On Monday, Anchorage reached the 70-degree threshold for a record 14th straight day, breaking 2004’s record of 13. Alaska’s largest city could add another few days to the streak, with forecast highs around 70 through Friday.
In addition to the record-breaking 70-degree streak, Anchorage is closing in on the most 70-degree days logged over an entire summer. It has 38 so far, compared to the record of 49 from 2004.
To its north, Fairbanks has also been unseasonably warm. Reports the Associated Press:
[T]emperatures Monday reached 80 or higher for the 29th day this summer. The record is 30 days of 80 degrees or higher, set in 2004.

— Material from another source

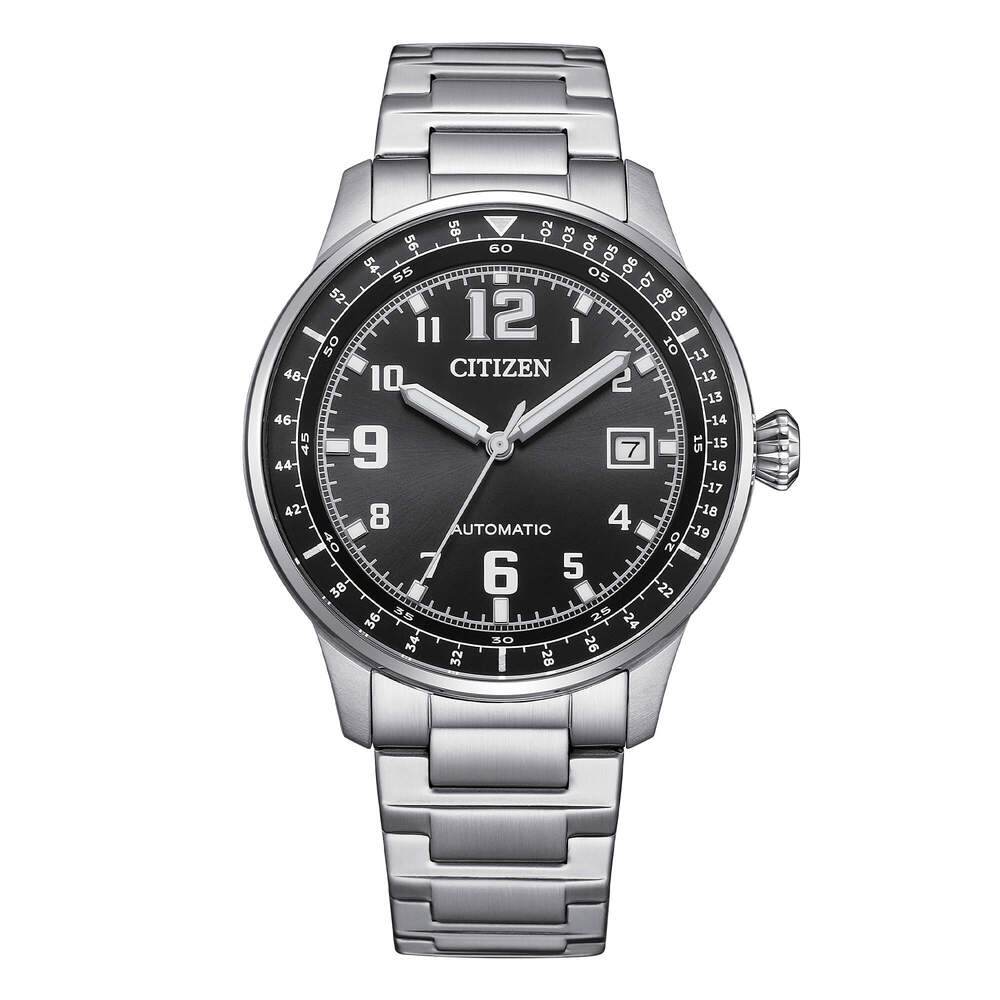 Orologio Automatico CITIZEN Military Silver/Black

Consider Fairbanks averages just 11 80-degree days per summer (compared to this year’s 29, already).
Interestingly, Anchorage and Fairbanks have experienced their heat waves just as Washington, D.C. and the eastern U.S. have turned cool. That’s often the case…as an atmosphere see-saw tends to set up between northwest North America and its eastern counterpart.
Notice that Anchorage’s other big year for warmth was 2004. In Washington, D.C., the summer of 2004 was the among the top 5 coolest in the last 30.